Task instructions: Copy exactly the lines of the records below, and only those lines, beginning with the line that contains "FABRIQ Grande colonne" and ending with the line that contains "Floral suspender dress".

------------------------------------------------------------------------

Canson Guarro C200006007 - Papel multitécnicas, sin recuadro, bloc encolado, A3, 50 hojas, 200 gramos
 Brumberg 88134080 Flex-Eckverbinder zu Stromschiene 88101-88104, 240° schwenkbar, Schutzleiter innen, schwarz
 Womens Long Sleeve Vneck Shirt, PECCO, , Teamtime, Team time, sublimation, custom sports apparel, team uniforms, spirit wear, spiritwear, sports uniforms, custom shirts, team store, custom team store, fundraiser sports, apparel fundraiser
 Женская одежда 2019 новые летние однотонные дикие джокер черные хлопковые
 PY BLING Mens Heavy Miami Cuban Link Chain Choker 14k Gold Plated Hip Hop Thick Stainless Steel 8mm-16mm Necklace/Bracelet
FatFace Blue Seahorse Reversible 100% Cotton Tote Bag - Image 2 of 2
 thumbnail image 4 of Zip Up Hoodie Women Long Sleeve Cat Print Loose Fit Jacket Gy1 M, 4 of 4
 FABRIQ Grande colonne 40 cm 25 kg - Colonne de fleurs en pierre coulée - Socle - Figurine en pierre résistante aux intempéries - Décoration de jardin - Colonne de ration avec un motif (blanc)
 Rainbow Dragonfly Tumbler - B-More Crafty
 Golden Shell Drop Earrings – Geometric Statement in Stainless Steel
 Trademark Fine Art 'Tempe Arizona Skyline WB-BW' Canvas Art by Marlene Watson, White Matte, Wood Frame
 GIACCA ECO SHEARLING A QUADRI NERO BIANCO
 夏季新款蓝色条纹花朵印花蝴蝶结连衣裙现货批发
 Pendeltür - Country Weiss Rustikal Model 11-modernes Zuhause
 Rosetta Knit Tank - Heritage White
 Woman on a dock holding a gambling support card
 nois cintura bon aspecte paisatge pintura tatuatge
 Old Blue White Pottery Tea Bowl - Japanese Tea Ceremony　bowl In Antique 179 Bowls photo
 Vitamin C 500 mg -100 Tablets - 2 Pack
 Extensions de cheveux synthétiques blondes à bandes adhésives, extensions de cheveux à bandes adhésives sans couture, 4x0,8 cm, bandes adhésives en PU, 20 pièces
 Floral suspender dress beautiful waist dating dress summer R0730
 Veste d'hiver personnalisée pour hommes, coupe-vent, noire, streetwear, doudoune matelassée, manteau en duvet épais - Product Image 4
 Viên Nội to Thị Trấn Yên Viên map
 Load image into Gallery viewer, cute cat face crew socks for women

------------------------------------------------------------------------

Result:
 FABRIQ Grande colonne 40 cm 25 kg - Colonne de fleurs en pierre coulée - Socle - Figurine en pierre résistante aux intempéries - Décoration de jardin - Colonne de ration avec un motif (blanc)
 Rainbow Dragonfly Tumbler - B-More Crafty
 Golden Shell Drop Earrings – Geometric Statement in Stainless Steel
 Trademark Fine Art 'Tempe Arizona Skyline WB-BW' Canvas Art by Marlene Watson, White Matte, Wood Frame
 GIACCA ECO SHEARLING A QUADRI NERO BIANCO
 夏季新款蓝色条纹花朵印花蝴蝶结连衣裙现货批发
 Pendeltür - Country Weiss Rustikal Model 11-modernes Zuhause
 Rosetta Knit Tank - Heritage White
 Woman on a dock holding a gambling support card
 nois cintura bon aspecte paisatge pintura tatuatge
 Old Blue White Pottery Tea Bowl - Japanese Tea Ceremony　bowl In Antique 179 Bowls photo
 Vitamin C 500 mg -100 Tablets - 2 Pack
 Extensions de cheveux synthétiques blondes à bandes adhésives, extensions de cheveux à bandes adhésives sans couture, 4x0,8 cm, bandes adhésives en PU, 20 pièces
 Floral suspender dress beautiful waist dating dress summer R0730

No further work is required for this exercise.